S'agissant du retard dans le paiement des sommes mises à la charge de la société Flytechnologie par les deux décisions de justice précitées, aux termes de l'article 1231-6 du code du travail, les dommages-intérêts dus à raison du retard dans le paiement d'une obligation de sommes d'argent consistent dans l'intérêt au taux légal, à compter de la mise en demeure. Le créancier auquel son débiteur en retard a causé par sa mauvaise foi, un préjudice indépendant de ce retard, peut obtenir des dommages-intérêts distincts de l'intérêt dilatoire.
Il n'est pas rapporté la preuve en l'espèce d'un préjudice indépendant du retard de sorte que ces demandes en paiement de dommages-intérêts seront rejetées.

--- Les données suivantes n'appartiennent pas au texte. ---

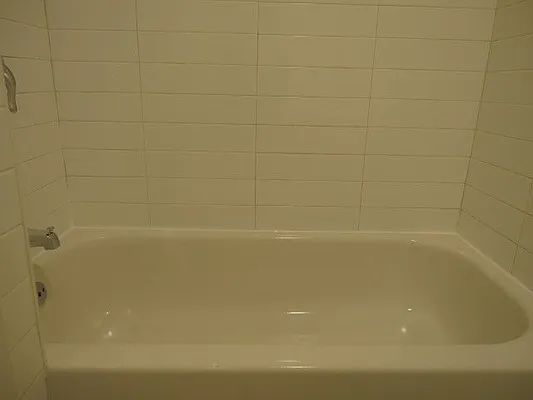 Rented by Premier Metro Realty Corp | media 4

5 : Sur les intérêts, l'application de l'article 700 du code de procédure civile et les dépens
Les sommes allouées de nature contractuelle, porteront intérêts au taux légal à compter de la réception de la convocation de l'employeur devant le bureau de conciliation du conseil des prud'hommes. Les autres sommes de nature indemnitaire porteront intérêts à compter de la décision qui les a prononcées. Il sera ordonné la capitalisation des intérêts courus pour une année entière ainsi qu'il l'est demandé, dans les conditions de l'article 1343-2 du code civil.

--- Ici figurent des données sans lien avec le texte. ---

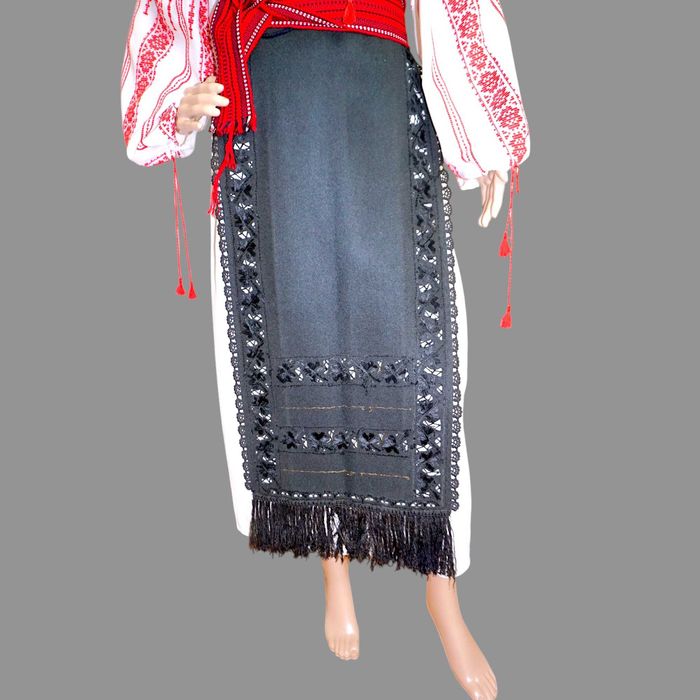 Costum popular cu ie tesuta manual marimea L-XL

Il est équitable au regard de l'article 700 du code de procédure civile de condamner la société Flytechnologie qui succombe à payer à M. [J] [T] la somme de 2 000 euros au titre des frais irrépétibles de première instance et de rejeter sa demande au titre des frais irrépétibles d'appel.
Pour les mêmes motifs, la société verra rejeter ses demandes de ces chefs et sera condamnée aux dépens.

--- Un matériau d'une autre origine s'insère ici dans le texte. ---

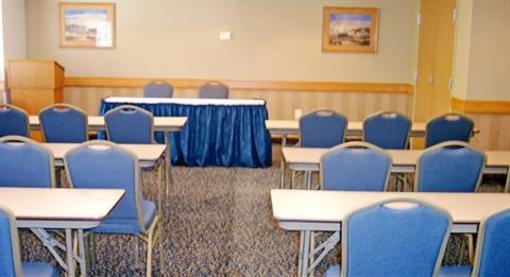 фото отеля AmericInn Lodge & Suites Griswold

La société qui succombe sera condamnée aux dépens.
PAR CES MOTIFS
Statuant contradictoirement, par mise à disposition au greffe et en dernier ressort ;
CONFIRME le jugement déféré sauf sur la demande de rappel de salaire sur mise à pied et d'indemnité de congés payés y afférents ;
Statuant à nouveau ;
REJETTE la demande de rappel de salaire sur la mise à pied et d'indemnité de congés payés y afférents ;
Y ajoutant ;
REJETTE la demande de M. [J] [T] en paiement d'un rappel de salaire au titre des mois de juin à septembre 2015 et d'indemnité de congés payés y afférents ;
ORDONNE la remise par la société Flytechnologie à M. [J] [T] d'un bulletin de salaire récapitulatif, d'un contrat de travail et d'une attestation Pôle Emploi dans les deux mois de la signification du présent arrêt, à peine d'une astreinte de 20 euros par jour de retard et par document pendant six mois après quoi il sera à nouveau fait droit ;
REJETTE la demande de la société Flytechnologie et de M. [J] [T] au titre des frais irrépétibles d'appel ;
CONDAMNE la société Flytechnologie aux dépens d'appel.